I do, however, have a confession to make. This isn't actually an ice cream - but it does have the same texture and is so tasty you'd never know you were eating a fat free, sugar-free* alternative to ice-cream!
*Sugar-free except for the sugars that occur naturally in fruit, obviously!
I invented this recipe sort of by accident during a crohns flare-up. I try not to go on about my crohns, and I'm not going to start now, so to cut a long story short I found myself re-evaluating the foods I ate, and looking for "east-to-digest" foods. Mango and pineapple came up in a list of the more easily digested fruits, so I went out and bought a load.
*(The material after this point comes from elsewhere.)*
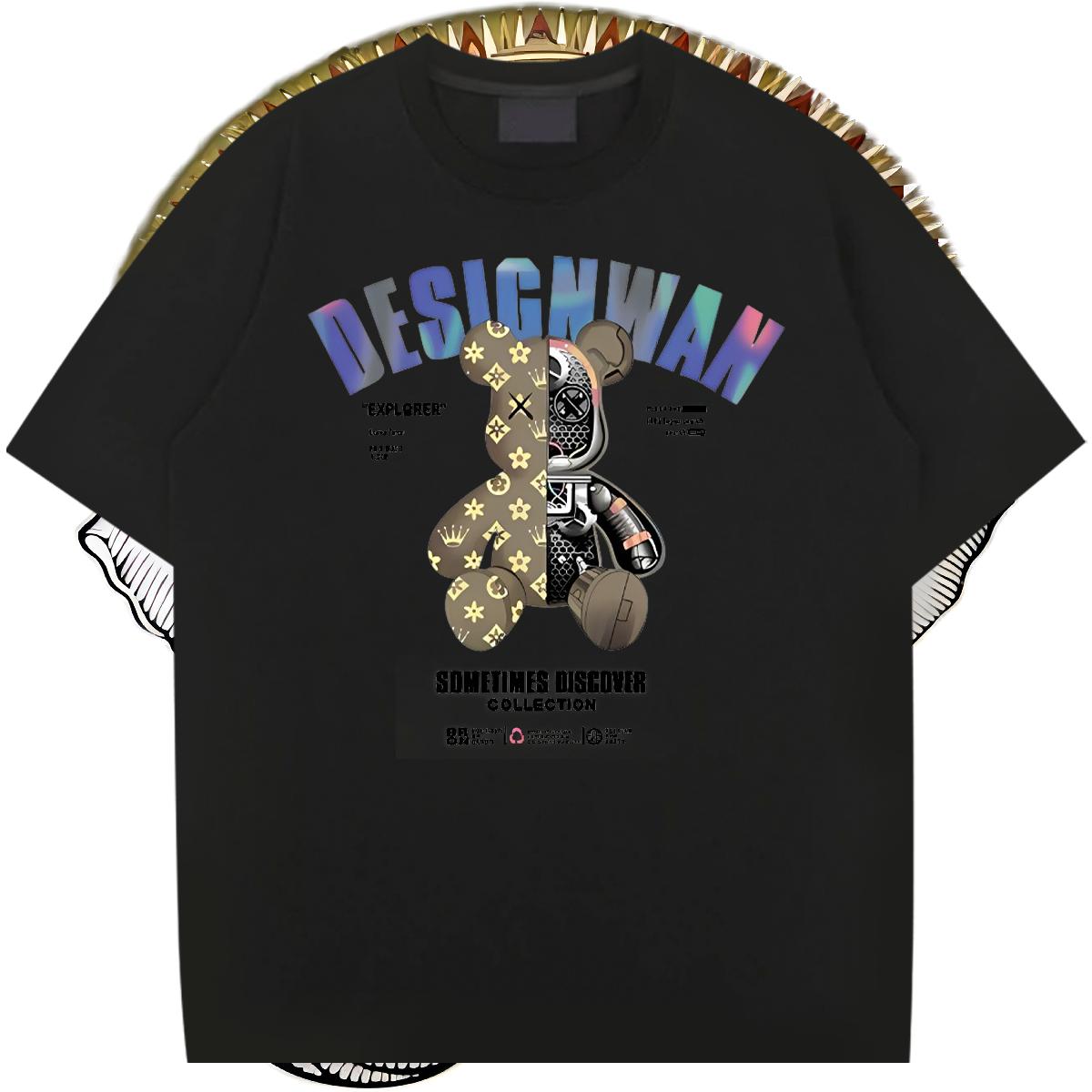 Loose Fit Mens Tshirts Cotton Breathable Soft Street Casual T-Shirts Oversized Factory Direct Clothes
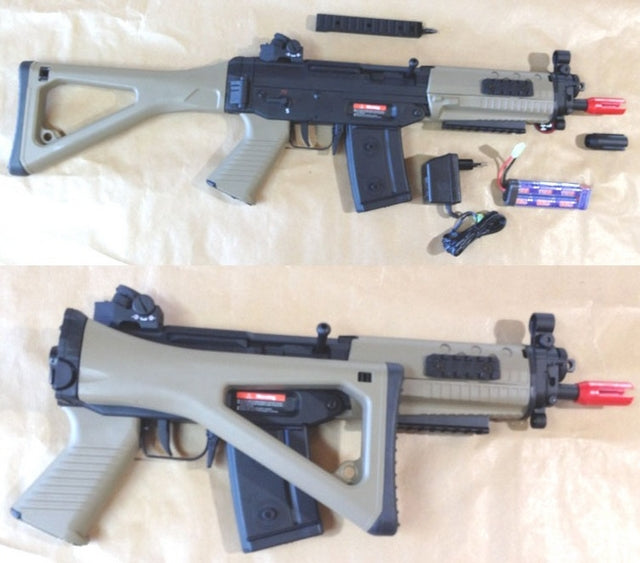 SIG 552 Tan Type by Jing Gong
And then realised it was fresh fruit and there was no way I'd be able to eat it all before it went off so I ended up cutting it into chunks and freezing it, and then just getting a bit out and allowing it to defrost whenever I fancied eating some. Then one evening I decided to stick some in the blender to see what happened, and what happened was yummy!
Below is enough for a one person serving, but you could make as much as you like by sticking to the 60:40 pineapple/mango ratio. Please note that this "ice-cream" cannot be re-frozen once it's blended, so you might as well eat it up all at once :-)
60g fresh pineapple
40g fresh, ripe mango
Prep time: 40 minutes
- Cut the pineapple and mango into bite-sized chunks, place in and airtight container and freeze for 30 minutes,
- Remove from the freezer and put into the blender. Pulse until smooth (around 5-10 minutes)
- Serve and smile - it's actually good for you!